15-member NatGeo team to travel up Ganga to study plastic pollution
An all-women team of 15 researchers and engineers will be part of a National Geographic expedition that will travel up the Ganga from the Bay of Bengal to its source in the Gangotri glacier to study the flow of plastics in the river system.
The expedition will be undertaken by boat, road and rail over four months, of which two months will be in summer beginning at the end of May and two months after the monsoon.
Every year, 9 million metric tonnes of plastic is dumped in the world’s water systems, which ends up in the oceans. In India, plastic contributes nearly 60% of the waste reaching the oceans, according to the National Centre for Coastal Research.
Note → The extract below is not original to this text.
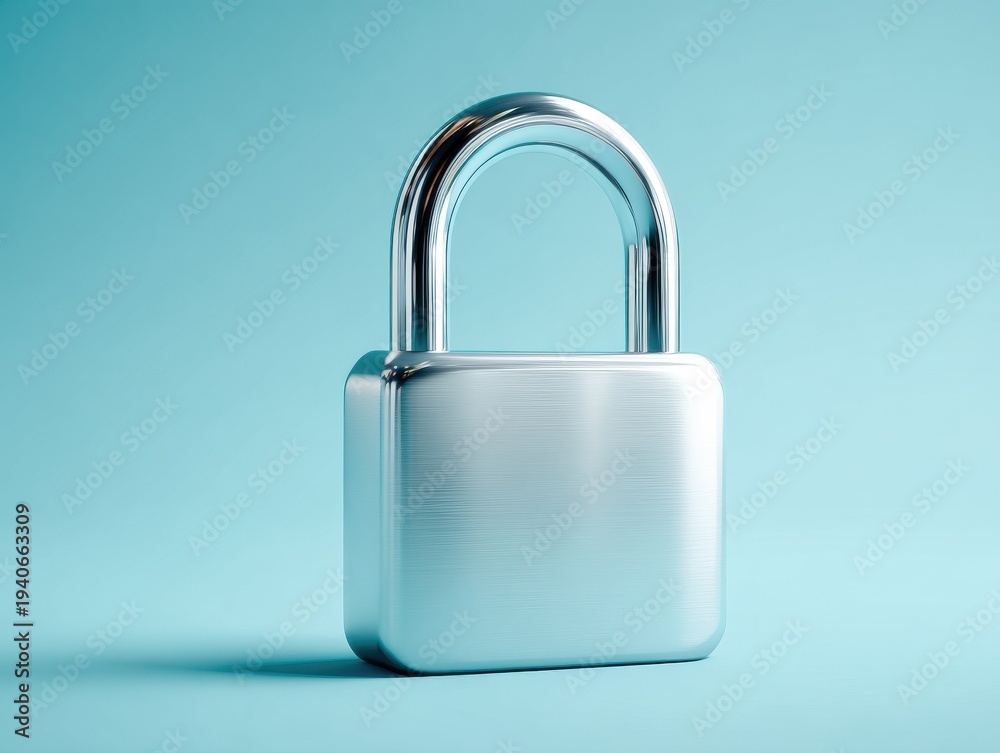 Fototapeta premium website security lock icon isolated on a light blue background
“Most of it comes from fishing nets and the polythene and plastics discarded on land near the mainland. Near Andaman and Nicobar islands, we found plastic transported by ocean currents even around uninhabited islands. The highest density of plastics is found along the coastlines, which increases during floods, suggesting an important role of the rivers,” said Dr S Srinivasalu, director, Institute of Ocean Management, Anna University, Chennai.
Last year, on World Environment Day on June 5, Prime Minister Narendra Modi had announced that all single-use plastics will be banned in India by 2022. The India-backed resolution on addressing the problem of single-use plastics was adopted by the fourth UN Environment Assembly in March 2019. The Ganga was chosen for the expedition as it is one of the world’s iconic waterways and supports an estimated 600 million people.
“Additionally, India has positioned itself as a leader in tackling plastic pollution and National Geographic wants to provide them with the tools to help continue those efforts,” said Heather Koldewey, scientific co-lead of the expedition and senior technical advisor at Zoological Society of London. Alongwith her, Jenna Jambeck, National Geographic Fellow and professor at University of Georgia would be leading the expedition.
The Dehradun-based Wildlife Institute of India is the India partner for the expedition. “It will help better understand and document how plastic waste travels from source to sea and to fill critical knowledge gaps around plastic flow, load and composition,” said Koldewey.